Instructions to follow: Please write out all of the data below exactly, without including the pictures.

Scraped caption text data
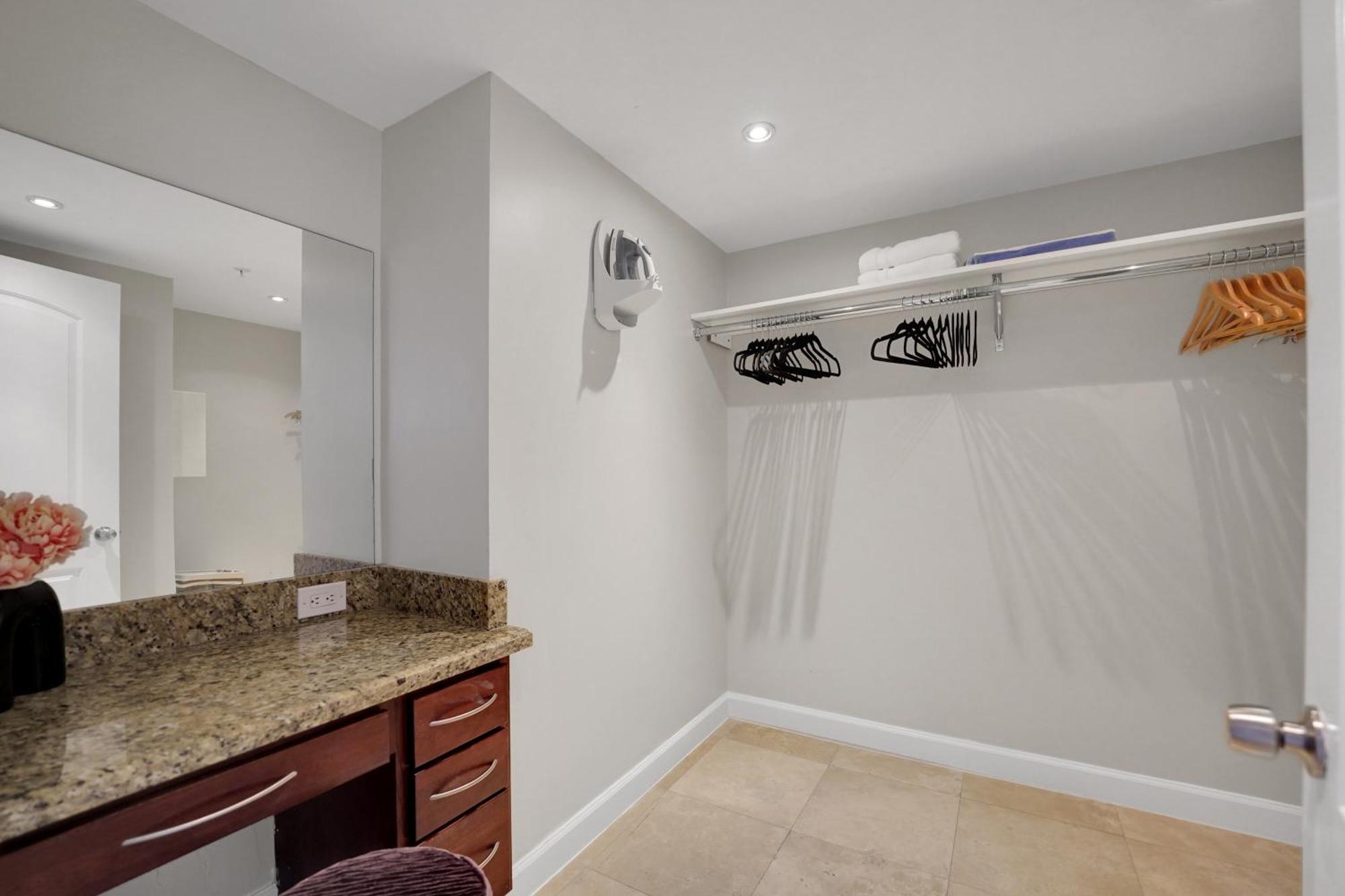 Permanent Vacation! Direct Water Views! Apartment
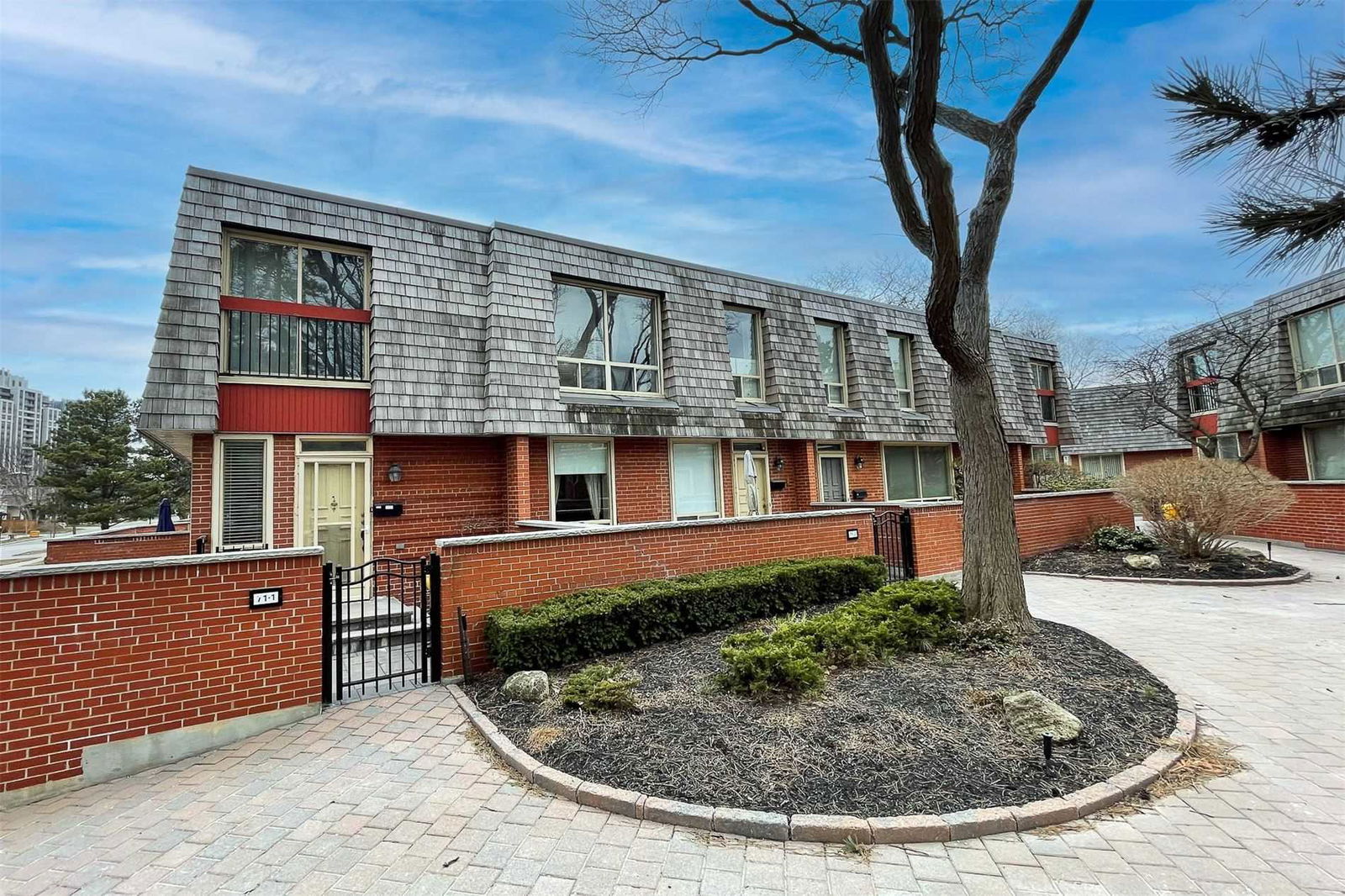 Yorkminster & Upper Canada Townhomes, North York, Toronto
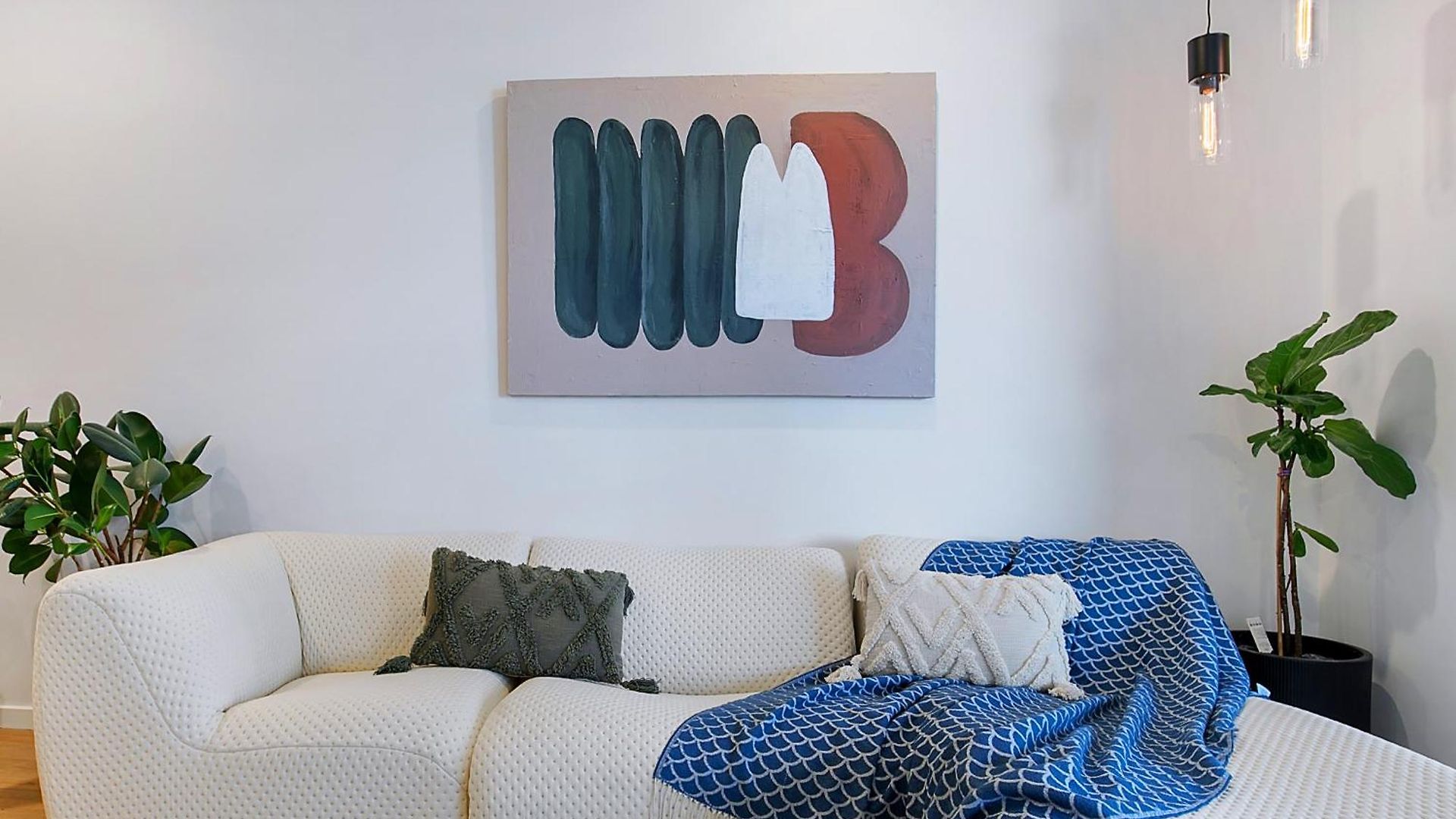 Riverstone Perch - Urban Comfort Near River Apartment *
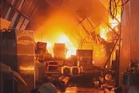 Kilang peti ais terbakar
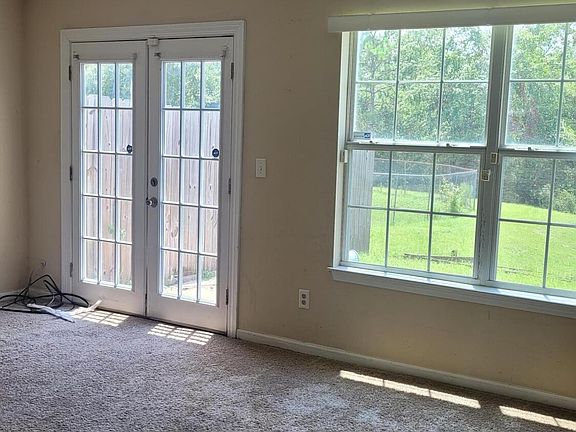 3rd image of 278 Swaying Pine Ct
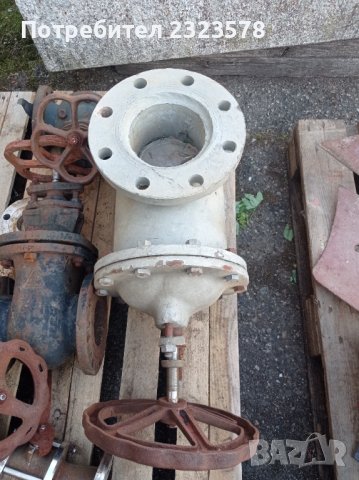 Шибърен спирателен кран на фланци Ф 100 мм. 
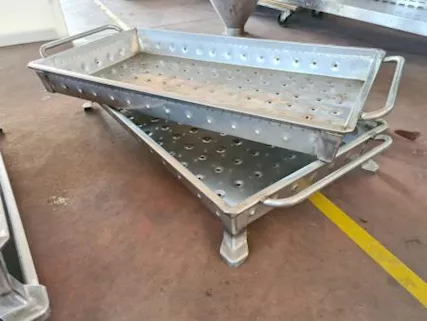 Una vasca inox per alimenti usata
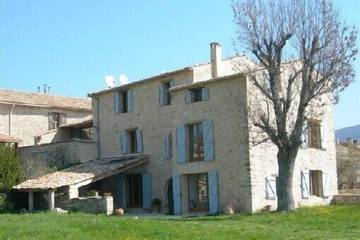 Gîte pour 14 personnes, avec jardin et terrasse, animaux acceptés à Limans
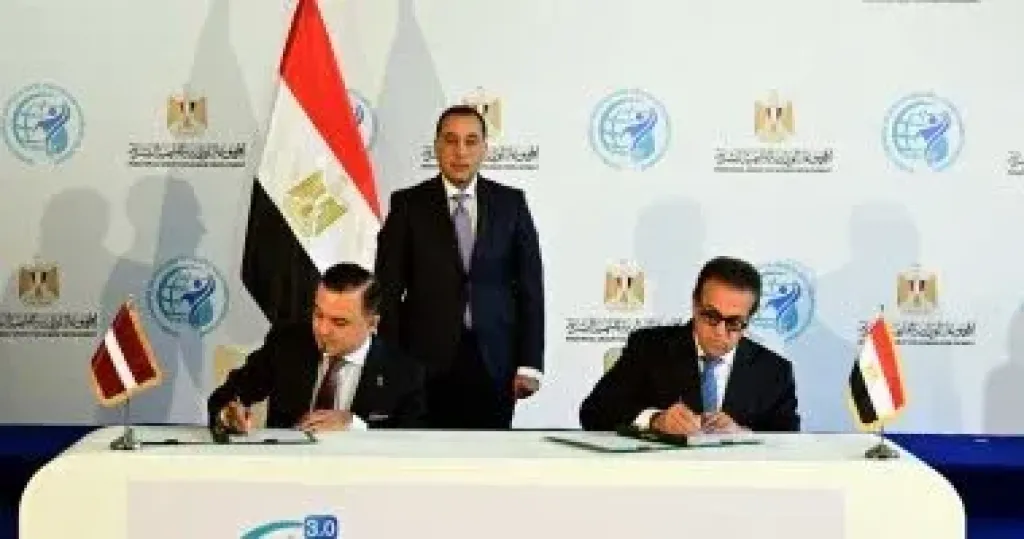 جانب من التوقيع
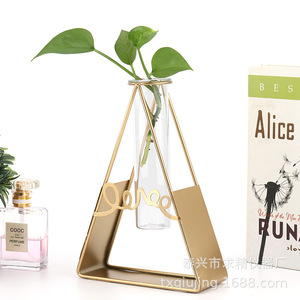 Seeking Excellence Glass Star Vase With Metal <b>Frame</b> For Flower Arrangement Decorative Home Gift - Product Image 5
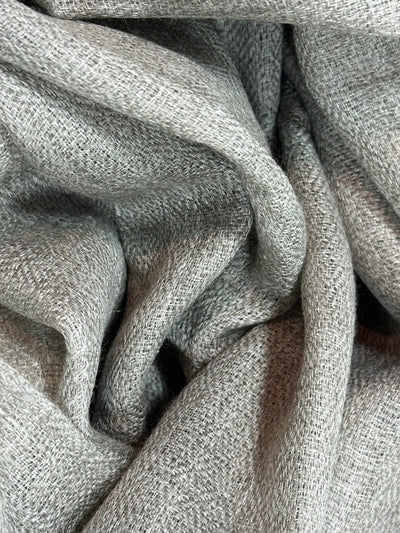 Aura Kashmir Basalt – handgewebter Cashmere-Schal, Produktansicht 3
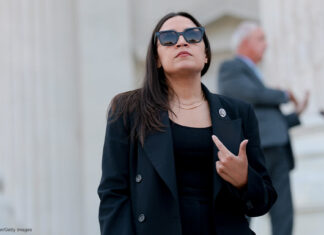 High Profile Democrat Joins Democratic Socialists
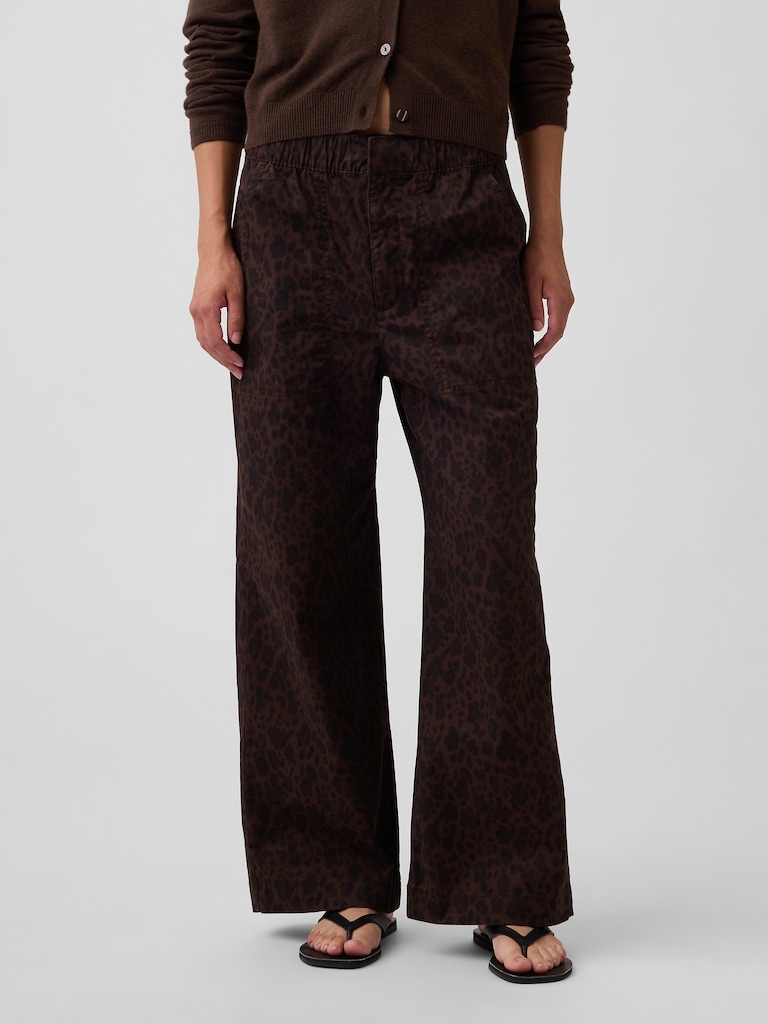 Mid Rise Wide-Leg Khakis
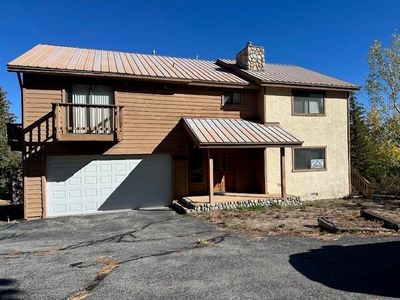 200 Meadow View Dr, Crowley Lake, CA, 93546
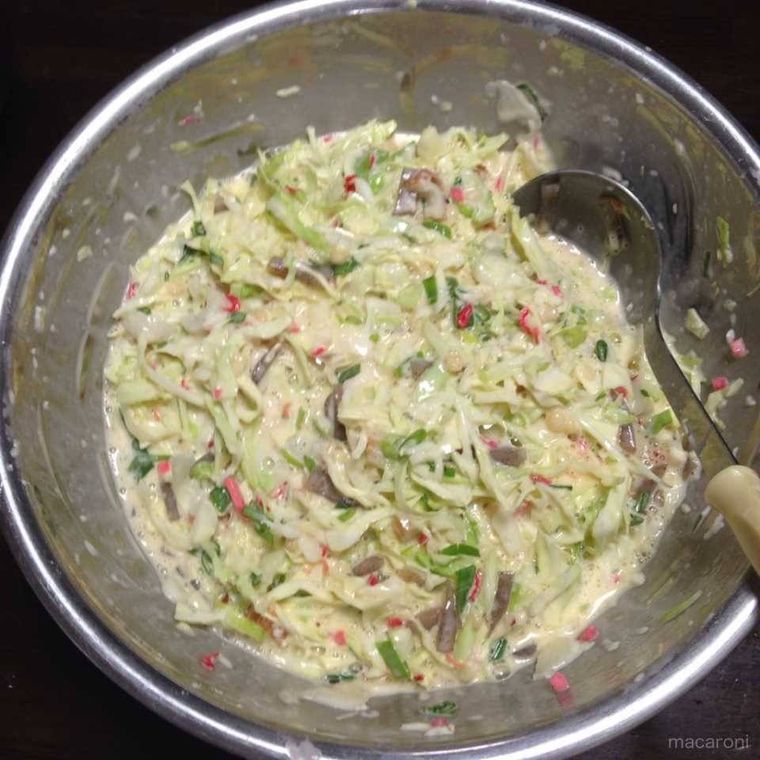 ボールの中のお好み焼きの食材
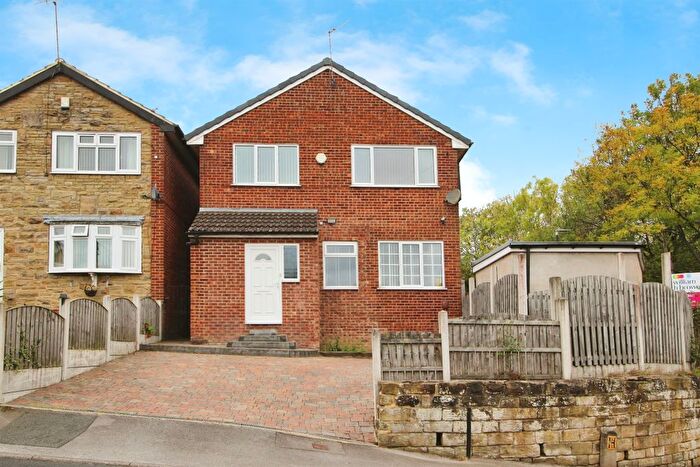 4 Bedroom Detached House For Sale In Troy Rise, Morley, Leeds, LS27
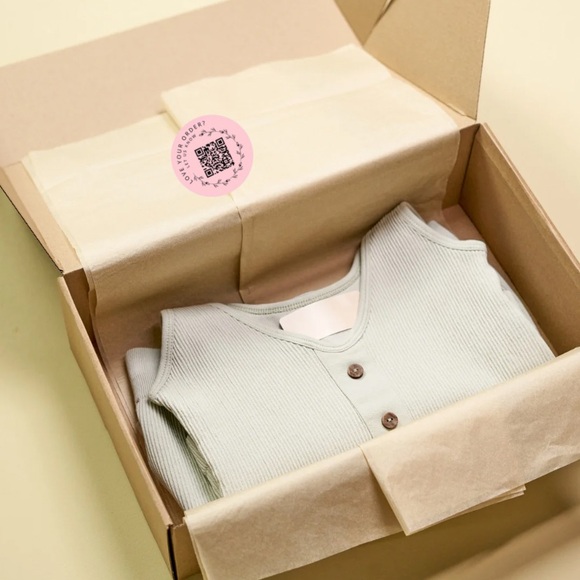 50 Personalized QR Code Stickers For Small Business & Resellers - Picture 3 of 5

Your response:
 Permanent Vacation! Direct Water Views! Apartment
 Yorkminster & Upper Canada Townhomes, North York, Toronto
 Riverstone Perch - Urban Comfort Near River Apartment *
 Kilang peti ais terbakar
 3rd image of 278 Swaying Pine Ct
 Шибърен спирателен кран на фланци Ф 100 мм. 
 Una vasca inox per alimenti usata
 Gîte pour 14 personnes, avec jardin et terrasse, animaux acceptés à Limans
 جانب من التوقيع
 Seeking Excellence Glass Star Vase With Metal <b>Frame</b> For Flower Arrangement Decorative Home Gift - Product Image 5
 Aura Kashmir Basalt – handgewebter Cashmere-Schal, Produktansicht 3
 High Profile Democrat Joins Democratic Socialists
 Mid Rise Wide-Leg Khakis
 200 Meadow View Dr, Crowley Lake, CA, 93546
 ボールの中のお好み焼きの食材
 4 Bedroom Detached House For Sale In Troy Rise, Morley, Leeds, LS27
 50 Personalized QR Code Stickers For Small Business & Resellers - Picture 3 of 5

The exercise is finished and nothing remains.